# Dating Saws



## mavawreck (Nov 26, 2011)

Any ideas when these were made? One is atkins, other is superior. 50s/60s? Atkins has the faintest of etching left on it.


----------



## mavawreck (Nov 26, 2011)

The Atkins is a no 65, 5 1/2pt rip. Still haven't had much luck dating it, looking at the medallion I'd say it isn't too old.


----------



## EastexToolJunky (Mar 25, 2013)

Unfortunately there aren't as many resources for Atkins saw information as there are disstons. I prefer the Atkins saws and buy them whenever I find them. Both of the saws you have are Atkins made.


----------



## mavawreck (Nov 26, 2011)

EastexToolJunky said:


> Unfortunately there aren't as many resources for Atkins saw information as there are disstons. I prefer the Atkins saws and buy them whenever I find them. Both of the saws you have are Atkins made.


I like them too! Both are #65s, Warrantied superior has a higher tooth count and what looks like more of a cross cut set.


----------



## mavawreck (Nov 26, 2011)

Got off work early today due to weather and spent some time cleaning the plates. I don't know if it was paraffin or what, but there was a film on these things that was next to impossible to get off. Minimal pitting though, which is nice.


----------



## mavawreck (Nov 26, 2011)

Cleaned up another one a bit, $1.80 junkshop find. Fairly straight, minimal pitting, brass hardware. Warranteed superior branded by Craftsman, raised the etch with gun blue.


----------



## mavawreck (Nov 26, 2011)

Made some pretty good progress cleaning up the Atkins. Handle is stripped and ready for finish. After doing two saws in this manner, I don't think it is worth the time or sandpaper to clean them up to this degree.


----------



## mavawreck (Nov 26, 2011)

Three disstons next in line



Few had rotten handles which I'm repairing with scrap hardwood.

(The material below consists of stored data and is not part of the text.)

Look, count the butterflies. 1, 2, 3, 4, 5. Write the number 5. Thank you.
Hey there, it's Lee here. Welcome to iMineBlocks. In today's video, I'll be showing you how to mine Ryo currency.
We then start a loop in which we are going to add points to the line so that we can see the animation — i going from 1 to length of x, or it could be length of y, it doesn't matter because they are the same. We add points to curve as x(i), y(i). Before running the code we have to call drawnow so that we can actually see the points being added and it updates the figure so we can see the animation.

Not thrilled with the glue line on that one but what the heck.


----------



## tc65 (Jan 9, 2012)

mavawreck said:


> After doing two saws in this manner, I don't think it is worth the time or sandpaper to clean them up to this degree.


It may not be, but they sure are pretty! 

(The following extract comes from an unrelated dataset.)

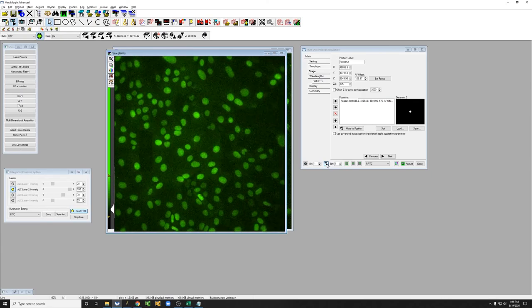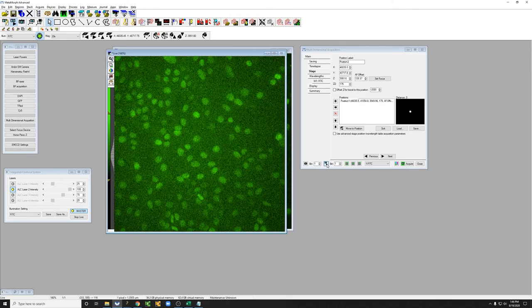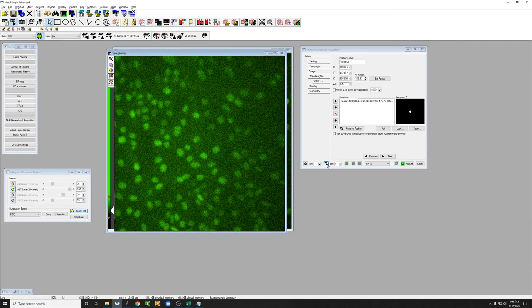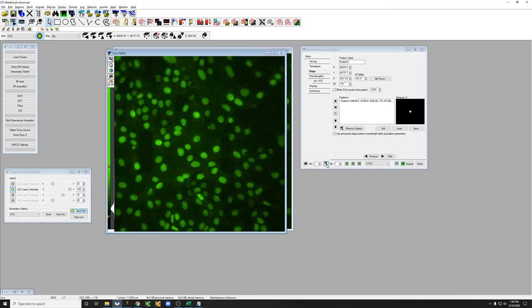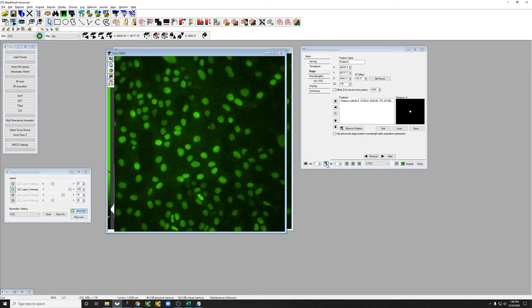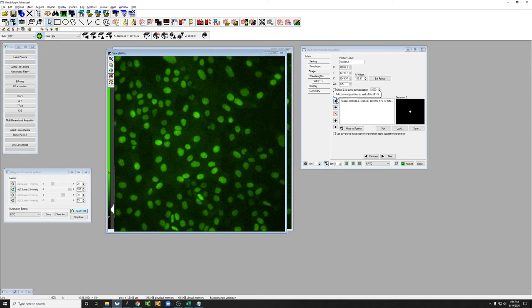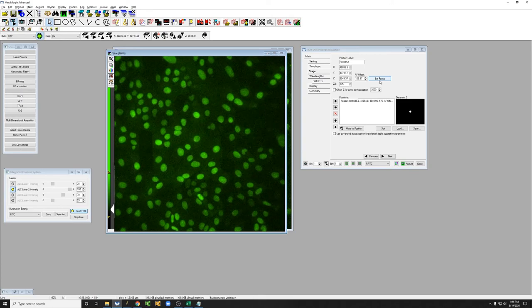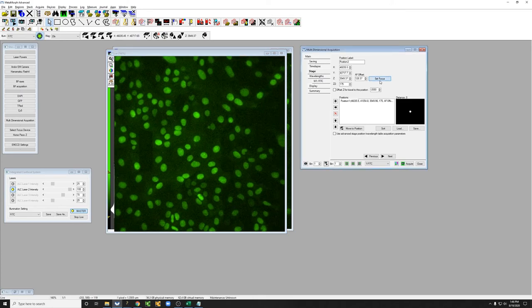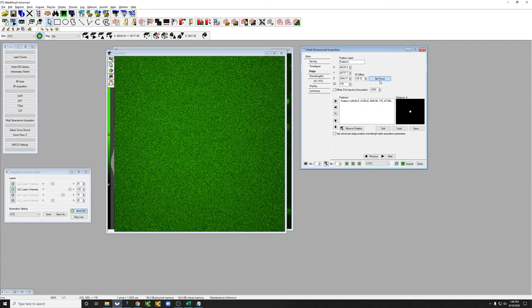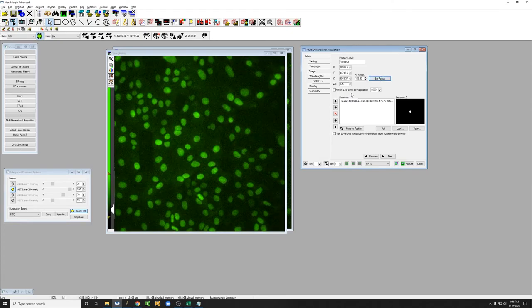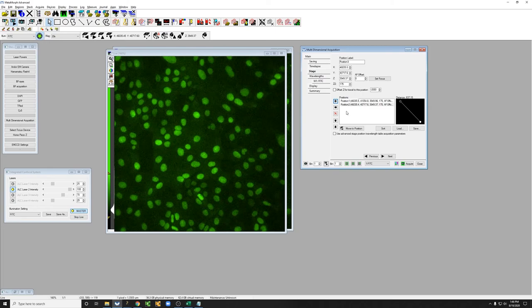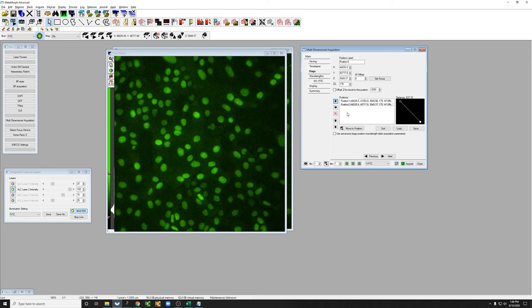I'm going to adjust the focus manually on the focus knob. And before I add another position, since I also want to do autofocus on this one, I'm going to click on set focus and then add it. So then it'll have the proper autofocus offset for this position.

What do you think about using the gun blue to raise the etch? Easy enough? Pain in the a$$? Is it worth the time/expense?

Got any before pics of the etch?

I've read about the process, but never tried it. All the saws I've refurbished have been too far gone to worry about it.


----------



## mavawreck (Nov 26, 2011)

trc65 said:


> It may not be, but they sure are pretty!
> 
> What do you think about using the gun blue to raise the etch? Easy enough? Pain in the a$$? Is it worth the time/expense?
> 
> ...


Thanks! I don't have any before pics but I think most etches can be saved in this fashion. This etch was faint but the rust on the blade was not bad. 

I made a few mistakes that I'll correct next time - mainly trying to clean the blade too much before the gun blue. Next time, I'm scraping it with a razor blade, sanding with 400 on a block, then applying gun blue. Gun blue was easy, not too expensive. I bought a bottle for 8 bucks on amazon, should last awhile. I followed the directions on the back, then improvised. Best results were rubbing in the gun blue, letting it dry, washing the blade in warm water, lightly sanding, then letting it sit for a few days. Since we want to accent the etch as dark as possible, following the exact procedure for creating a consist, buffed gun barrel effect is not really useful.


----------